Sample Class: Jump Onboard

Class Take-Out: Layer plyometric moves to create a class that everyone can do.

Classes that appeal to athletes often intimidate many beginning- and intermediate-level exercisers; however, participants of all levels can do a challenging plyometrics class if you give them options. Jumping, in fact, can provide a foundation for inclusive, fun and effective training. By teaching with layers, you facilitate self-paced progression that challenges everyone.

Jump Onboard Details

FORMAT: Layered plyometric intervals using a step platform.

TOTAL TIME: Approximately 1 hour. Each five-layer block can take anywhere from 1 minute 45 seconds to 3 minutes. Repeating each block twice, using six different blocks, can take anywhere from 15 to 40 minutes. Add the warm-up and cool-down to complete the class.

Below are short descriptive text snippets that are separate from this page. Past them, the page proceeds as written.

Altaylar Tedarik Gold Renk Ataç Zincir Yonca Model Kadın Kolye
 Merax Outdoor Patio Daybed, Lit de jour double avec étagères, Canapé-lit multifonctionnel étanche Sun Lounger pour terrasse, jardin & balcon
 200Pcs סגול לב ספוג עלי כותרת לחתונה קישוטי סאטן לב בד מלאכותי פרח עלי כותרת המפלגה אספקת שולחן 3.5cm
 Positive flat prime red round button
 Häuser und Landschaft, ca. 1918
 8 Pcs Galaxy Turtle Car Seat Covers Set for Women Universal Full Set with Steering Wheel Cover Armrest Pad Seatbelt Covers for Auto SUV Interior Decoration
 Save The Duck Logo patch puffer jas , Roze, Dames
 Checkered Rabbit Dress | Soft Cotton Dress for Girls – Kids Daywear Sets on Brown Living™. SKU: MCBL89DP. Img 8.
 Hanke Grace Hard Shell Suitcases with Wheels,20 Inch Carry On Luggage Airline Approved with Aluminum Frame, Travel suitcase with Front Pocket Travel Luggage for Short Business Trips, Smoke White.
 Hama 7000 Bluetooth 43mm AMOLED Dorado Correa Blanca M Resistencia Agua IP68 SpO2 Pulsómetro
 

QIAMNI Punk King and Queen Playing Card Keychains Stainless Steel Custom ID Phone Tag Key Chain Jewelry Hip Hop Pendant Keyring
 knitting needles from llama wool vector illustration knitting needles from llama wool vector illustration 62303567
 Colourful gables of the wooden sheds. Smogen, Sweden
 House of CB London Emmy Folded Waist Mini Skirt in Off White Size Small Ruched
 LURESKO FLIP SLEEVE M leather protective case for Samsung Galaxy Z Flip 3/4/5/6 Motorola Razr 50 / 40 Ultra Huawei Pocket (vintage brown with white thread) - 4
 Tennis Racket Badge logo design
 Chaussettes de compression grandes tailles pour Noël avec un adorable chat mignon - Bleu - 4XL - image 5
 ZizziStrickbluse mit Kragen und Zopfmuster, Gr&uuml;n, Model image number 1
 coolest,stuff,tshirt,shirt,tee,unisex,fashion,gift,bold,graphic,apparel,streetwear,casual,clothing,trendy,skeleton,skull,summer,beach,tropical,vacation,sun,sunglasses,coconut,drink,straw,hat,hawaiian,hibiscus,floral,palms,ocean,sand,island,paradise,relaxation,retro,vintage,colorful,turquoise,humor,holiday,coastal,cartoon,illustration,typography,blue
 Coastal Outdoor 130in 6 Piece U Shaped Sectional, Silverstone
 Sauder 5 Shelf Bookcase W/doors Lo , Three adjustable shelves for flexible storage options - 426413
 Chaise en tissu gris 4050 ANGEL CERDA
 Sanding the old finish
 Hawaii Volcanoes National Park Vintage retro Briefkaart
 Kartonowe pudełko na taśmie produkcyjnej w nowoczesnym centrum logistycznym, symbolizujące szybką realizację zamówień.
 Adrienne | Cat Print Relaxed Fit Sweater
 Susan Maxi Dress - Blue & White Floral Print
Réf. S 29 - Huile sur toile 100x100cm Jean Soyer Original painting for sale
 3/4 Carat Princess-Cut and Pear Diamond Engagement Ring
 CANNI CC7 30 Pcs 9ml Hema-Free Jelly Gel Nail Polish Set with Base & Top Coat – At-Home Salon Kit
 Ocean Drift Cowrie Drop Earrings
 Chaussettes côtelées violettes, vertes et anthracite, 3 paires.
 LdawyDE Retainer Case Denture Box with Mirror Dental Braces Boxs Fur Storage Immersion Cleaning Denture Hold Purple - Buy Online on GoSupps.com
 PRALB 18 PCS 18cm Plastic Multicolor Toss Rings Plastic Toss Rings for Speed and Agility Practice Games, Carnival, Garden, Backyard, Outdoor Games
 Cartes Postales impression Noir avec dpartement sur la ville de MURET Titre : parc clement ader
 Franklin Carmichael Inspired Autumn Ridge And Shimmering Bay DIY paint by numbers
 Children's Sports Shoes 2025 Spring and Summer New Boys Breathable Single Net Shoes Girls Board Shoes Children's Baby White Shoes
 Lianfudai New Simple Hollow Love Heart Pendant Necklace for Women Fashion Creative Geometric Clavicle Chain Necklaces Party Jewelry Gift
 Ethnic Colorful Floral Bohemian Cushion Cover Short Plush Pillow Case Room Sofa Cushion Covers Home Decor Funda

EQUIPMENT: One step platform per participant; however, other equipment can easily be incorporated.

MUSIC: High-energy music set to 130 beats per minute. This will help you keep time for your intervals without a stopwatch.

Additional notes:

  • In each block include five levels of the same exercise, taught in 15- to 30-second layers (one or two 32-count musical phrases).
  • Help everyone feel successful by beginning with layer one and progressing gradually to layer five.
  • Stay on each layer for at least 15–30 seconds (one 32-count phrase is approximately 15 seconds for music set at 130 bpm).
  • Move to the next layer, and advise students to remain at the previous one if they don’t want to progress.
  • After introducing all five intervals, encourage students to choose a level of difficulty just beyond their comfort zone for a final 30-second, all-out push.
  • Include a 30- to 60-second active recovery between rounds.
  • Repeat each interval 2–4 times, switching lead legs on unilateral exercises.
Warm-Up (10–12 minutes)

Always provide a thorough warm-up before performing plyometric drills. Keep movements simple and athletic, and gradually increase intensity. Include layers in your warm-up to preview the class structure. Here are some appropriate exercises for an athletic interval class like this one:

  • Start with step-touch that becomes small side-to-side leap, and then a big leap. Return to step-touch, and repeat.
  • Do basic squat that becomes double-time squat, and then add small hop. Return to squat, and repeat.
  • March on floor, and transition to basic step on platform; then jog on platform. Return to march, and repeat.
Sample Block #1: Basic Jump-Up (~3–6 minutes)
  • Layer 1: Step up and down on platform (basic step).
  • Layer 2: Remaining on floor, jump forward and step back.
  • Layer 3: Jump up onto platform; step down.
  • Layer 4: Jump up onto platform; jump down.
  • Layer 5: Jump up onto platform and land in squat position to touch platform. Jump down and squat to touch platform again.
Sample Block #2: Repeater Knee Hops (~3–6 minutes)
  • Layer 1: Do repeater knee on floor.
  • Layer 2: Do repeater knee on platform.
  • Layer 3: Do repeater knee; hop on third knee lift.
  • Layer 4: Do repeater knee; hop on first and third knee lifts.
  • Layer 5: Do repeater knee; hop on all three knee lifts.
  • Switch sides.
Sample Block #3: Lateral Leap-Over (~3–6 minutes)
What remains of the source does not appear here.